Da ist zum Beispiel der Hamburger Weihbischof Hans-Jochen Jaschke, der in der Debatte um erweiterte Rechte für Homosexuellen-Partnerschaften darauf hinweist, dass es in jedem Fall besser sei, wenn ein Mensch in einer festen und stabilen Beziehung lebe, statt vagabundierend seine Sexualität zu leben, und damit Verständnis für die Forderung der Ausweitung des Ehegattensplittings auch auf homosexuelle Paare äußert.

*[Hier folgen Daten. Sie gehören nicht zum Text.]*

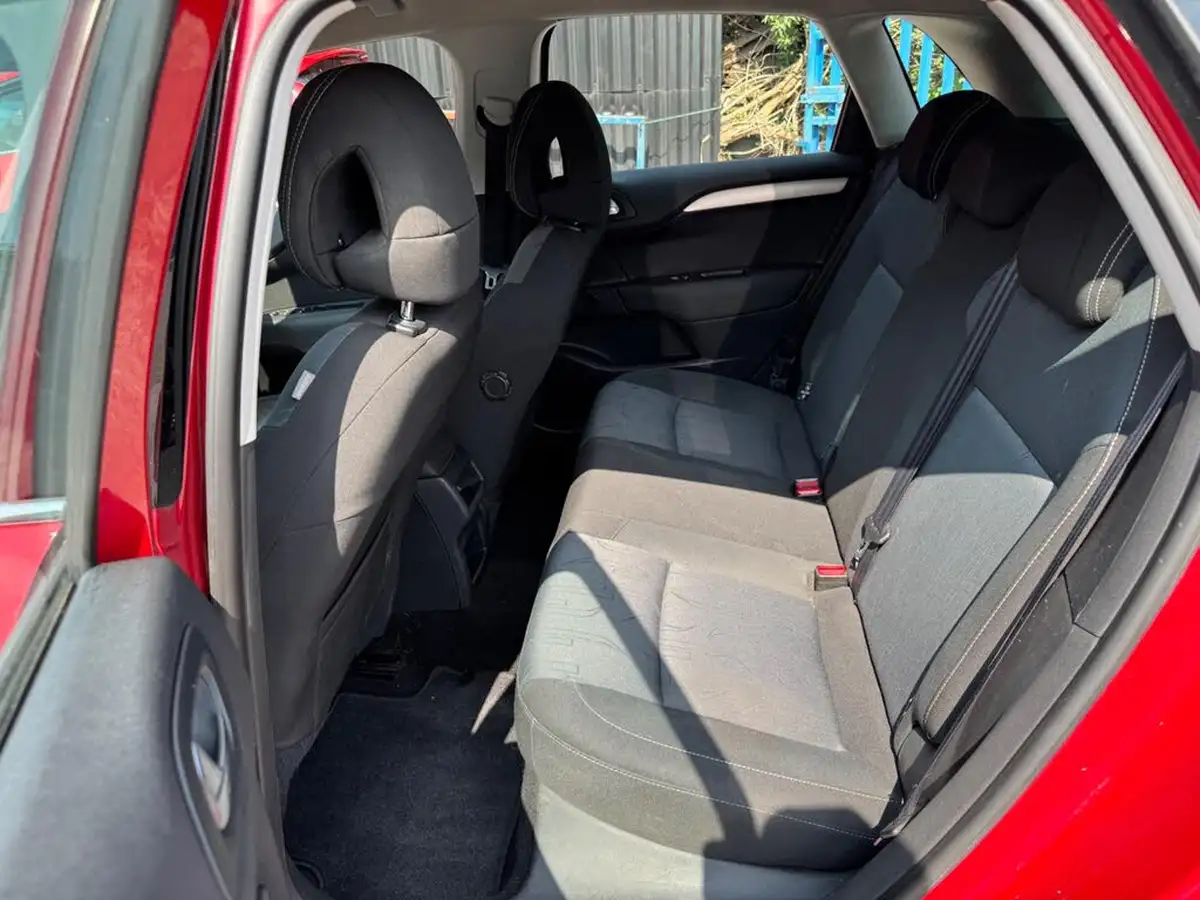 2012-citroen-c4-16td-vtr-16hdi-16v-90ps-big-14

Ein Thema, das deutlich macht: mit einem Schwarz/Weiß-Schema kommen wir in manchen Fragen nicht aus, auch wenn uns insbesondere in den Medien das immer wieder schmackhaft gemacht wird. Da wird dann nur davon berichtet, dass der Weihbischof für die Gleichstellung homosexueller Paare sei (so titelt Welt-Online), obschon das fast das Gegenteil dessen ist, was er wirklich gesagt hat. Man erinnert sich auch noch mit Grausen an die Schlagzeilen, dass der Papst nun Kondome freigeben würde, wo er tatsächlich nur darauf hingewiesen hat, dass es Zeichen von Moralität wäre, wenn ein HIV-infizierter männlicher Prostituierter zukünftig zum Schutz der Freier Kondome benutzt. Schlagzeile gegen Inhalt, eben Schwarz/Weiß gegen Grautöne.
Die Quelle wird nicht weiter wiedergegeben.